26 oktober 2004
De mens bestaat als een uniek en onherhaalbaar wezen. Hij bestaat als een “ik” dat in staat is tot zelfbegrip, zelfbeschikking en zelfbepaling. De menselijke persoon is een intelligent en bewust wezen dat in staat is om na te denken over zichzelf en daarom zich bewust kan zijn van zichzelf en van zijn daden. Toch zijn het niet de intelligentie, het bewustzijn en de vrijheid die de persoon definiëren, maar het is de persoon zelf die aan de basis ligt van het intelligente, bewuste en vrije handelen. Deze daden kunnen zelfs afwezig zijn, zonder dat de mens ophoudt een persoon te zijn.

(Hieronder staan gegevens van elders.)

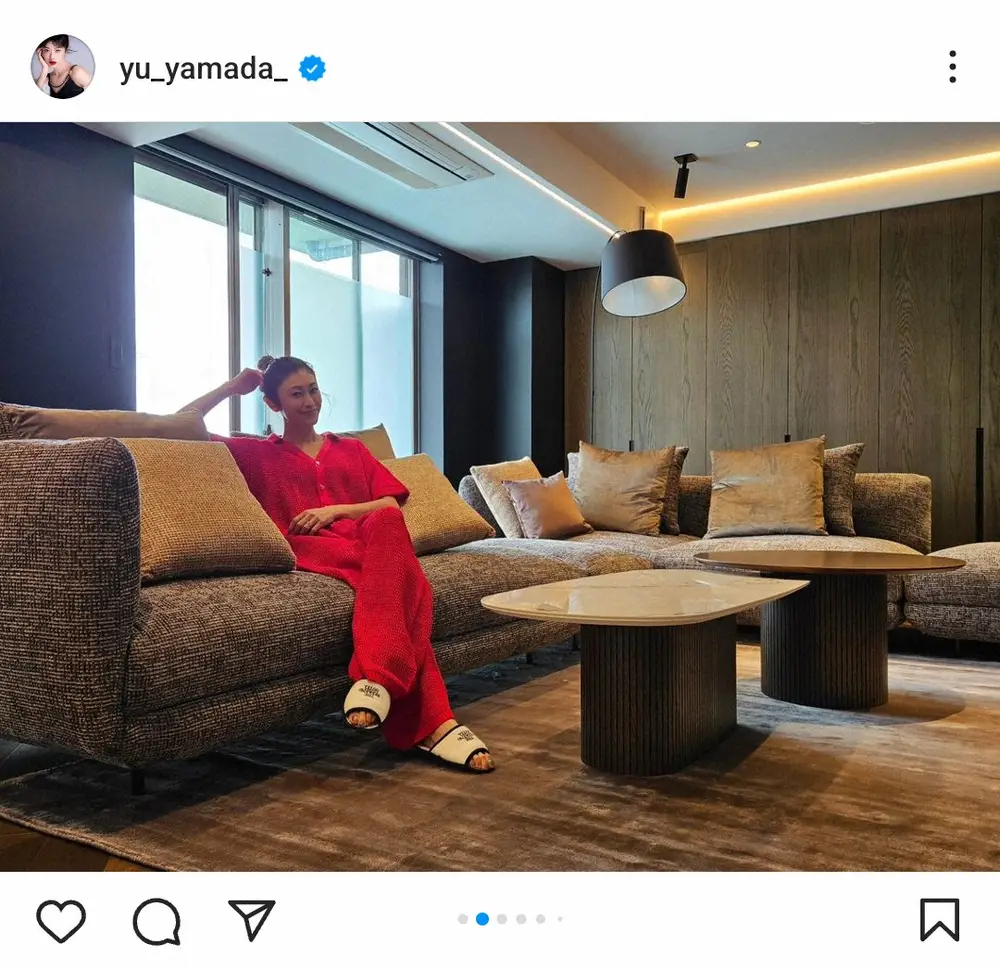 山田優「大きいソファでゆったり」自宅の広々リビングを公開　「なんと優雅な空間」「車買えそう」の声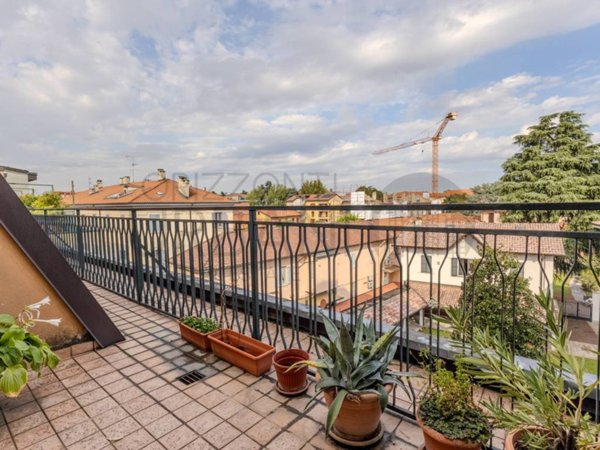 appartamento in vendita a Cesano Boscone in zona Villaggio Giardino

De menselijke persoon moet altijd worden begrepen in zijn onherhaalbare en onschendbare uniciteit. De mens bestaat immers bovenal als een subjectieve entiteit, als een centrum van bewustzijn en vrijheid, waarvan de unieke en met niemand anders vergelijkbare levenservaringen de ontoelaatbaarheid van elke poging uitdrukken om de mens te herleiden tot gelijk welk gedachteschema of tot al dan niet ideologische machtssystemen. Dit houdt vóór alles niet enkel de eis van eenvoudig respect vanwege de anderen in en in het bijzonder vanwege politieke en sociale instituties en hun leiders tegenover elke mens op aarde; veel meer nog vereist dit dat de eerste zorg van iedereen tegenover de ander - en vooral vanwege dezelfde instituties -, de bevordering en de integrale ontwikkeling van de persoon moet zijn.